50 días después de la Pascua, el Espíritu Santo vino sobre un grupo de seguidores de Jesús, que aún seguían temerosos y encerrados en Jerusalén. Acontece en ese momento la promesa de Cristo a sus de que él no los dejaría solos ni solas, de que les enviaría un defensor, el espíritu de la verdad (Hechos 2: 1-21) (Juan 15: 26-27; 16: 4b-15).Es a partir de la promesa de que no estamos solos ni desamparados, que Jesús confía a sus discípulos el mandato de “Ir y haced discípulos” para bautizar y enseñar lo que ellos mismos habían aprendido (Mateo 28: 19). Esta promesa la reitera en el versículo siguiente: “Por mi parte, yo estaré con ustedes todos los días, hasta el fin del mundo” (Mateo 28: 20b).
El mundo en que nos toca vivir es difícil hacer misión. Estamos en un contexto nacional e internacional herido por la injusticia y la violencia. El camino del discipulado se enfrenta a obstáculos y adversarios que nos quieren alejar del Reino de Dios y su justicia. Por eso, nuestra misión ha sido y es anunciar buenas nuevas, es ser buena noticia en donde nos encontremos.
Hoy vivimos rodeados de preocupaciones. Muchas personas están viviendo sin sentido. Nos encontramos con depresión, con personas encerradas que no quieren salir. Más que nunca estamos llamados a ser esa una Iglesia fiel al Evangelio de vida, que no deja a nadie afuera, que nos ayuda a ver las personas, a ver sus necesidades, a invitarlas a reconstruir la esperanza.
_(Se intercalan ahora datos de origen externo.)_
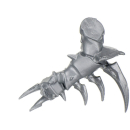 Warhammer 40k Bits: Dark Eldar - Wyches - Weapon E1 - Right, Hydra Gauntlet I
La venida del Espíritu Santo es la continuación de la misión de Jesús en nosotros y nosotras. Es esa fuerza que nos mueve una y otra vez, que nos empodera para asumir riesgos. Pentecostés nos conduce al mundo, pero con una propuesta distinta, nos conduce al mundo con la propuesta del Reino de Dios.
Que el espíritu de Jesús pueda soplar donde tenga que soplar, en esos rincones, en esas grietas que nos impiden ser una Iglesia que proclama en plenitud el sueño de Dios para la humanidad. El camino de la justicia, de la paz, de la dignidad para todas las personas aún no se ha completado. En ese camino se hace necesario que todos y todas pongamos nuestros dones para que el sueño de Dios pueda acontecer.
«Derramaré mi espíritu sobre toda la humanidad: los hijos e hijas de ustedes profetizarán, los viejos tendrán sueños y los jóvenes visiones» (Joel 2: 28) (Hechos 2: 17).